So, if the DOT is hoping that we are alone, we aren’t. And if they are hoping we will back down, we won’t. Tingnan natin kung sino ang matatag –a resort with the courage of its convictions and a strong track record of actually helping the tourism industry, or bureaucrats who have mismanaged this country’s tourism and misled the Filipino public for the past five years. The numbers speak for themselves, and the numbers are ugly (source – World Bank compilation):

Our country had 4.8 million foreign tourist arrivals in 2013. Guess how many Vietnam had? 7.6 million. Ever heard of Kazakhstan? 4.9 million. Bulgaria? 6.9 million. Romania – 8 million. Indonesia – 8.8 million, almost all of it from one tiny island. Singapore – 11.9 million. Malaysia – 25.7 million. Thailand – 26 million. Spain – 61 million. France – 85 million.

True, we beat Latvia (1.9 million), Uruguay (2.7 million), and war-torn Lebanon (1.3 million). Yay.

This is a scientific system. The DOT keeps claiming this, but No, it isn’t. It is the ill-informed opinion of government bureaucrats with no practical hotel experience. They are backed up by foreign consultants whose principal past experience was to visit low-end inns in England and Wales to verify if they had telephones and fire escapes. When we challenged the DOT to provide us with a justification for their various rating criteria and weightings, they refused to do so.

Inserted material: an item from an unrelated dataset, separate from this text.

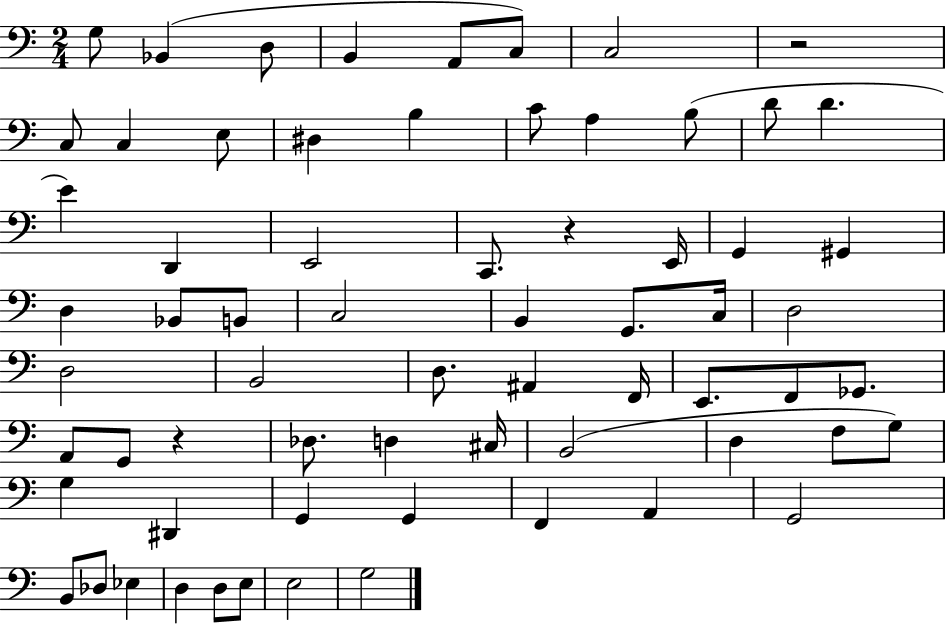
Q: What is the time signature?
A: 2/4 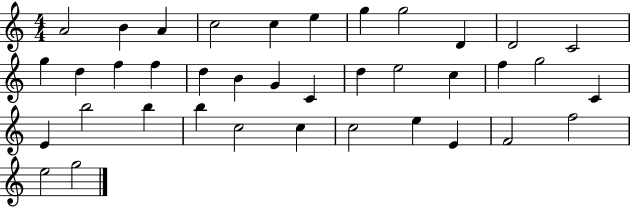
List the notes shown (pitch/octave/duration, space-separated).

A4/h B4/q A4/q C5/h C5/q E5/q G5/q G5/h D4/q D4/h C4/h G5/q D5/q F5/q F5/q D5/q B4/q G4/q C4/q D5/q E5/h C5/q F5/q G5/h C4/q E4/q B5/h B5/q B5/q C5/h C5/q C5/h E5/q E4/q F4/h F5/h E5/h G5/h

The DOT point system was so incompetently designed that to qualify as a resort, “one land sport” and “one water sport” are sufficient. This means that, with a basketball and a flotation ring, and not even a toilet in every room, any two-room hostel can get perfect marks as a resort. Meanwhile, the myriad facilities of a destination resort like Plantation Bay – scuba, parasailing, wall-climbing, conference venues, four freshwater swimming pools, tennis court (host of several Davies Cup International matches), nightly theme dinner buffets, archery, golf excursions, island-hopping, jet-skiing, indoor firing range, fishing, bird-watching, whale-shark excursions – all these are worth exactly ZERO points in the DOT system. All are simply ignored in the DOT rating system, despite the fact the avowed purpose of the program is to rate “quality”.

We will be the laughing-stock of the world.

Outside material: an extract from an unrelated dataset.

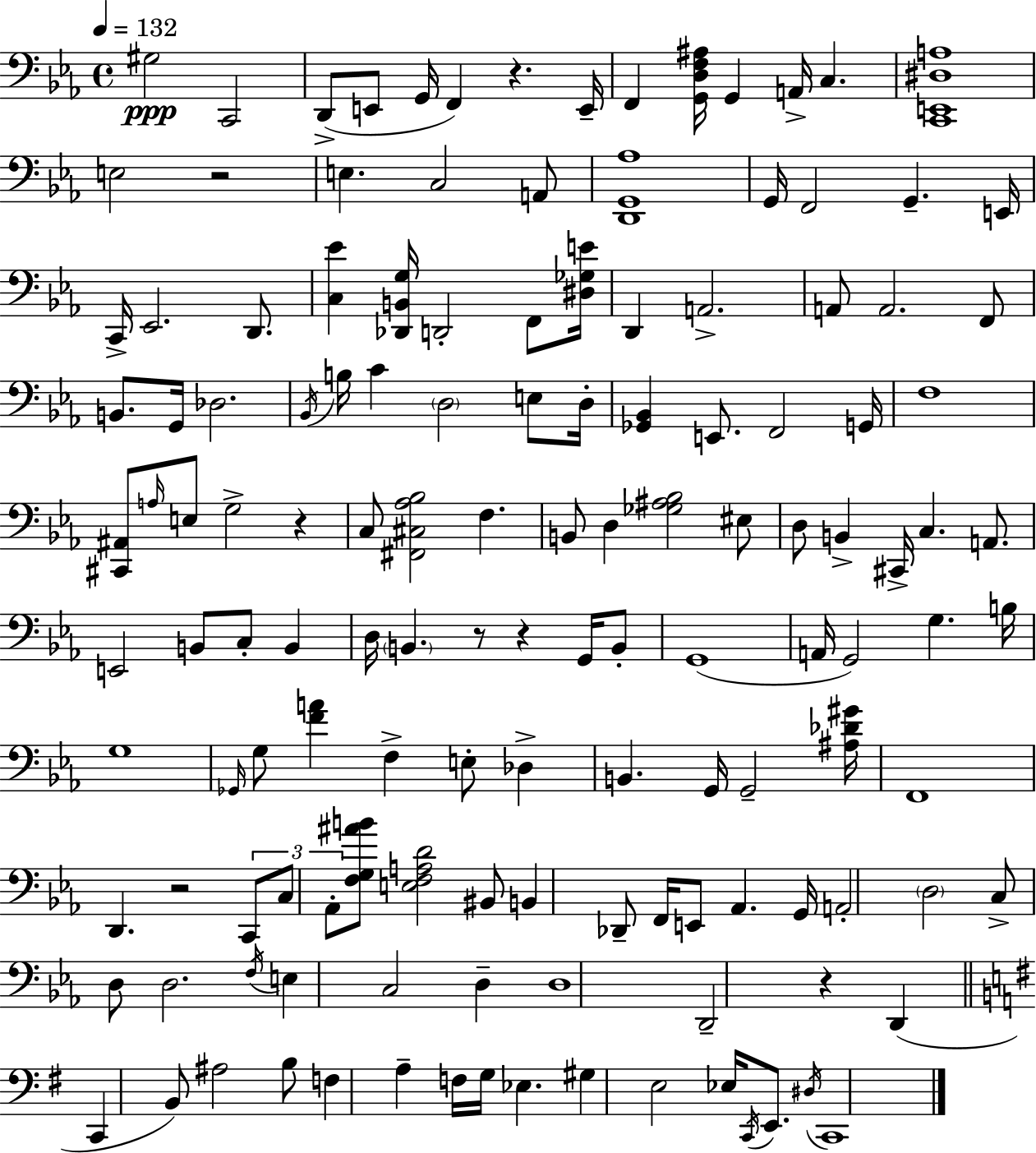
G#3/h C2/h D2/e E2/e G2/s F2/q R/q. E2/s F2/q [G2,D3,F3,A#3]/s G2/q A2/s C3/q. [C2,E2,D#3,A3]/w E3/h R/h E3/q. C3/h A2/e [D2,G2,Ab3]/w G2/s F2/h G2/q. E2/s C2/s Eb2/h. D2/e. [C3,Eb4]/q [Db2,B2,G3]/s D2/h F2/e [D#3,Gb3,E4]/s D2/q A2/h. A2/e A2/h. F2/e B2/e. G2/s Db3/h. Bb2/s B3/s C4/q D3/h E3/e D3/s [Gb2,Bb2]/q E2/e. F2/h G2/s F3/w [C#2,A#2]/e A3/s E3/e G3/h R/q C3/e [F#2,C#3,Ab3,Bb3]/h F3/q. B2/e D3/q [Gb3,A#3,Bb3]/h EIS3/e D3/e B2/q C#2/s C3/q. A2/e. E2/h B2/e C3/e B2/q D3/s B2/q. R/e R/q G2/s B2/e G2/w A2/s G2/h G3/q. B3/s G3/w Gb2/s G3/e [F4,A4]/q F3/q E3/e Db3/q B2/q. G2/s G2/h [A#3,Db4,G#4]/s F2/w D2/q. R/h C2/e C3/e Ab2/e [F3,G3,A#4,B4]/e [E3,F3,A3,D4]/h BIS2/e B2/q Db2/e F2/s E2/e Ab2/q. G2/s A2/h D3/h C3/e D3/e D3/h. F3/s E3/q C3/h D3/q D3/w D2/h R/q D2/q C2/q B2/e A#3/h B3/e F3/q A3/q F3/s G3/s Eb3/q. G#3/q E3/h Eb3/s C2/s E2/e. D#3/s C2/w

Someone has to do it. No, no government has to do it, not in the age of the Internet and social media. Would you rather believe real customers reporting real experiences, or the DOT’s unqualified raters? When 2 ½ years ago I challenged the DOT to produce the hotel experience credentials of their raters, the DOT refused to answer.

So what we have is a DOT with local personnel who are unqualified to grade hotels, and foreign consultants who are leftovers of the UK government’s own 2011 decision to pull the plug on hotel star rating programs. The UK government pulled the plug for the exact same reasons I have cited – not necessary, not believed by the public, not meaningful to the average real-world customer. The DOT MUST have known of the 2011 UK decision against a government star rating system, yet those in charge at the DOT chose not to reveal this fact to the Filipino people. Norway was practically the last remaining government trying to set up a star rating system, and it gave up in 2013, pressured by all the hotels there.

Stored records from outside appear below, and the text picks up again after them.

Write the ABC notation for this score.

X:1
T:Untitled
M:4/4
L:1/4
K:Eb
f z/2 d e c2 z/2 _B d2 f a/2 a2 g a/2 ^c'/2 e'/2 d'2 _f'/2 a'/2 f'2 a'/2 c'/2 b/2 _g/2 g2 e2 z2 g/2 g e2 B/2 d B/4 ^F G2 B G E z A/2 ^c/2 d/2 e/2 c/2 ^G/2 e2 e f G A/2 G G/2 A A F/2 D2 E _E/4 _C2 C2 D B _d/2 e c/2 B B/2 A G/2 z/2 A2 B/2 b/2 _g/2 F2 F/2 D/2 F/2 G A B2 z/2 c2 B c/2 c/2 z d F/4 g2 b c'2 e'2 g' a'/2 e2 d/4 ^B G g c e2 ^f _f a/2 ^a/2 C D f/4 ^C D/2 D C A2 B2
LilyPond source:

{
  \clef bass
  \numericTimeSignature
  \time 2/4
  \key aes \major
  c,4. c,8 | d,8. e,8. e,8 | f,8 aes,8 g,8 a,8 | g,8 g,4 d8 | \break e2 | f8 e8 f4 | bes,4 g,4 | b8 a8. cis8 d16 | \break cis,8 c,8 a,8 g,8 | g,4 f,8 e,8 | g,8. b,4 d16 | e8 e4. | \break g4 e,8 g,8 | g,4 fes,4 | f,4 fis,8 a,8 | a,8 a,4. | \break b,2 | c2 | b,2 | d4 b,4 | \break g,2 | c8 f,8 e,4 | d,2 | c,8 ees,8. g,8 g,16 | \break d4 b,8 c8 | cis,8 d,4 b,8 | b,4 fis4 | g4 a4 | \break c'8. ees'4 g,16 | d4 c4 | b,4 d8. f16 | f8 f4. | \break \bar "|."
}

When highly intelligent people do things that are patently stupid, devoid of justification, and indisputably against the worldwide trend, one must ask: WHY?

For the answer, we will have to wait for the DOT to answer our question, echoed by everyone around the country who can do arithmetic and long division: How did you manage to budget $7 million to visit 700 hotels, one night each, to the tune of $10,000 per night? After three years of furious press releases trying to justify the program, please account for all this money received from Canada through the Asian Development Bank.

The DOT has refused to answer this question.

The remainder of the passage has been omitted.